Taiwan to become first Asian country to legalise same-sex marriage

Taiwan will become the first country in Asia to legalise same-sex marriage, after a landmark ruling by the constitutional court.

The court ruled on Wednesday that a civil law defining marriage as a union between a man and a woman violates constitutional guarantees of equal protection.

The Taiwan News reported the court ruled that parliament has two years to either amend the law or create a new law.

Secretary General of the Judicial Yuan Lu Tai-lang said that because civil code states: "An agreement to marry shall be made by the male and the female parties" this excludes couples that are of the same sex and is therefore unconstitutional.
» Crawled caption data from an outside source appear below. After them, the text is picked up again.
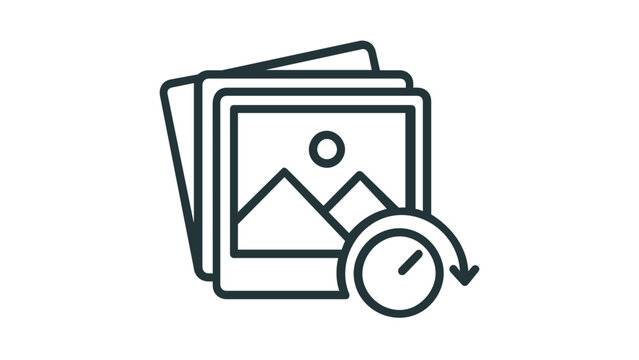 Photo history and image backup vector icon illustration featuring a stack of landscape photographs with a circular arrow clock timer symbol for gallery recovery, editing, or filter application.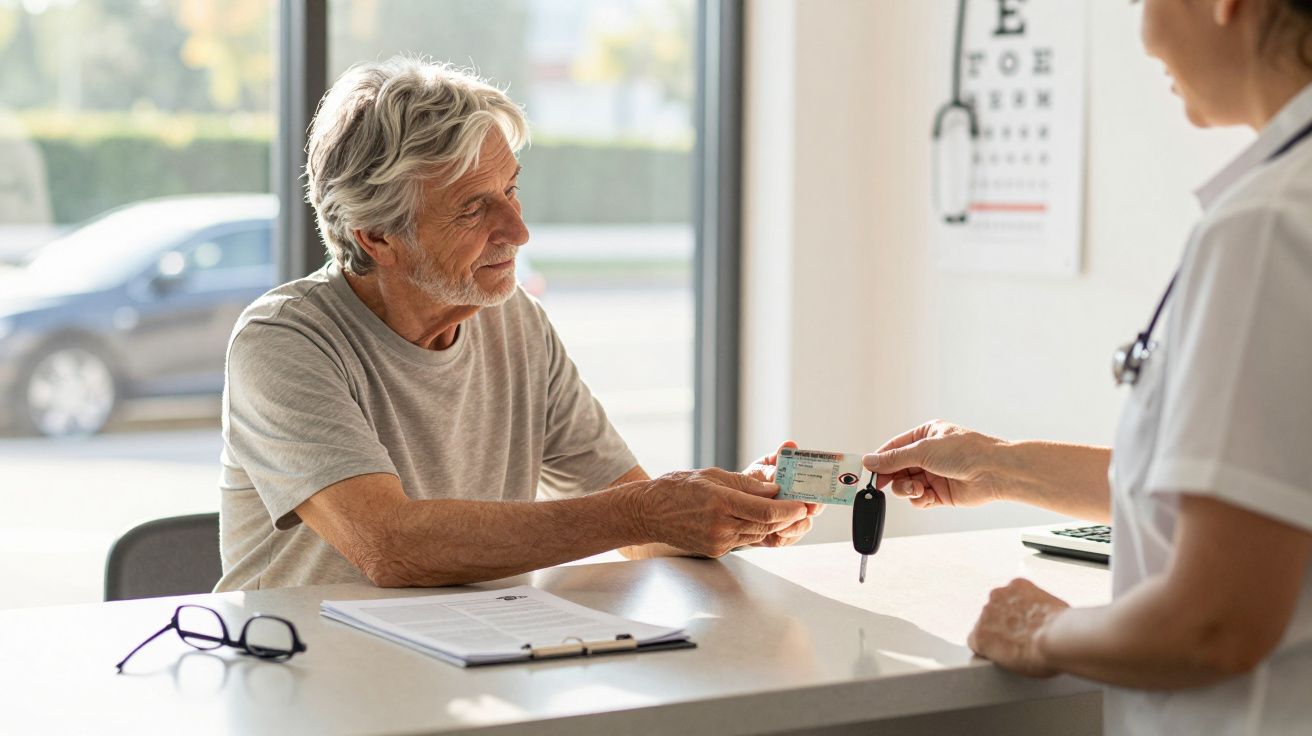 Homem sénior entrega carta de condução a profissional de saúde num consultório.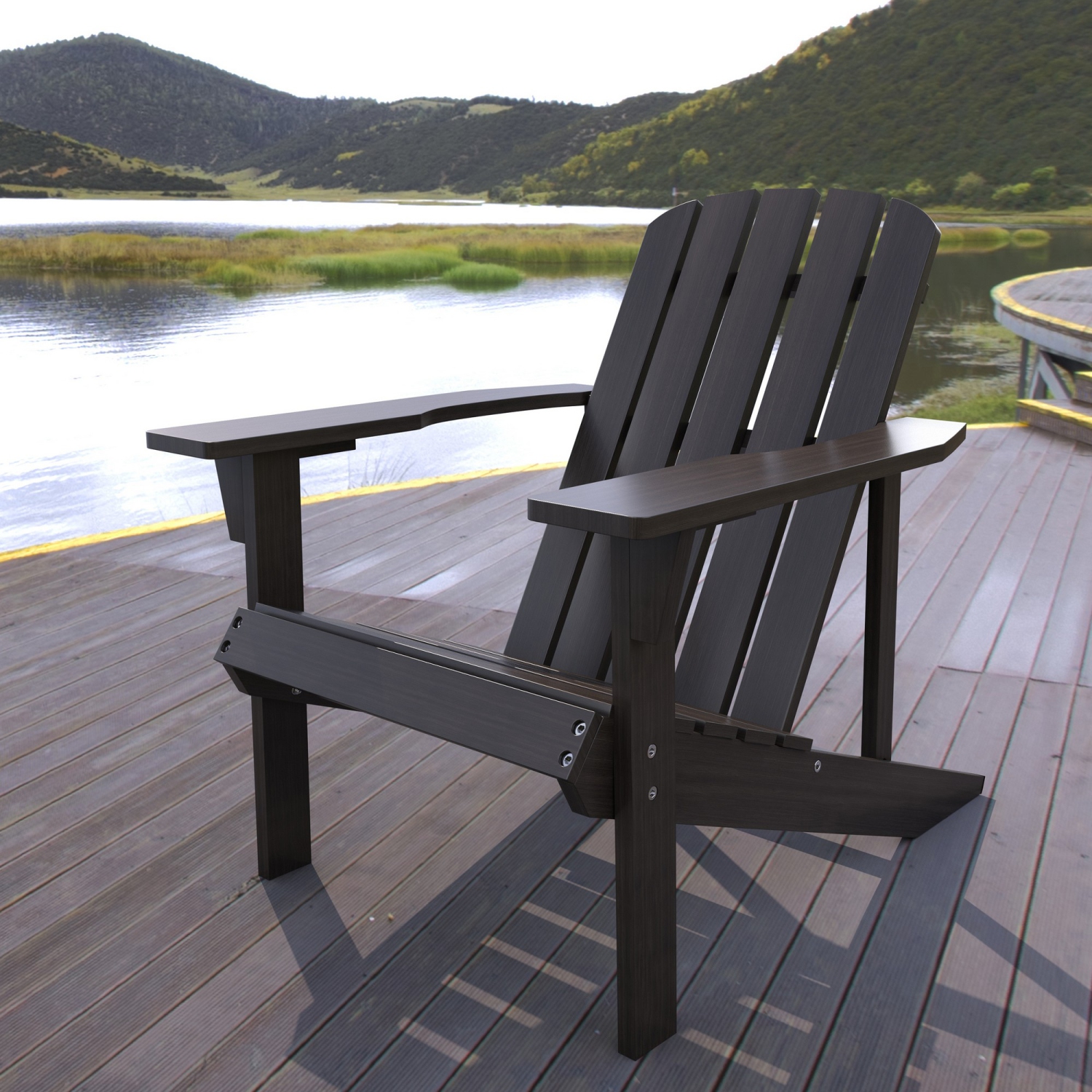 Westport Outdoor Patio Traditional Acacia Adirondack Chair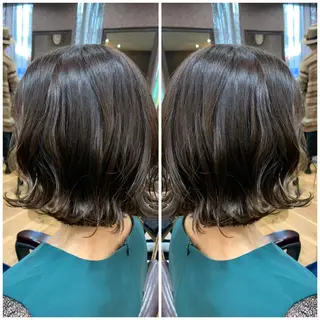 ミディアム カラー 髪質改善🩵艶髪 ストレート🩵山口のヘアスタイル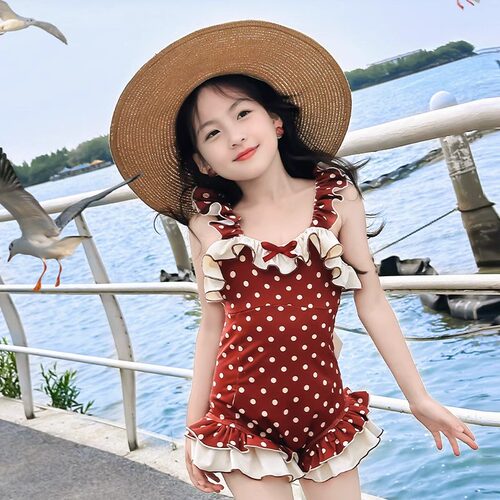 小女孩泳衣夏季新款儿童连体式泳装中小童韩系速干游泳衣度假泳装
The landmark case was brought by gay rights activist Chi Chia-wei after the Taipei city government rejected his application to marry his long term partner in 2013.
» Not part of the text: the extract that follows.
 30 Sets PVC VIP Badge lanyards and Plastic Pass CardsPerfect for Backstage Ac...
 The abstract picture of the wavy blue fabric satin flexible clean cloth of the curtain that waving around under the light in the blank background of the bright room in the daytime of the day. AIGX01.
Taiwanese President Tsai Ing-wen promised to support the right for marriage equality after winning office last year.

A tragic incident in which a French professor who had been unable to marry his Taiwanese partner of 35 years committed suicide appeared to have propelled a push for legal change.

Taiwan's The China Post reported that a draft bill by Ms Tsai's ruling Democratic Progressive Party was proposed in December to replace the words "male and female parties" in the Civil Code's marriage chapter with "two parties".

The ruling said that if the law is not changed within two years, two persons of the same sex shall be allowed to have their marriage registration "effectuated at the authorities in charge of household registration".

Taiwan becomes the 23rd country to legalise marriage equality. It joins the United States, Colombia, Ireland and Finland which did so in the past two years.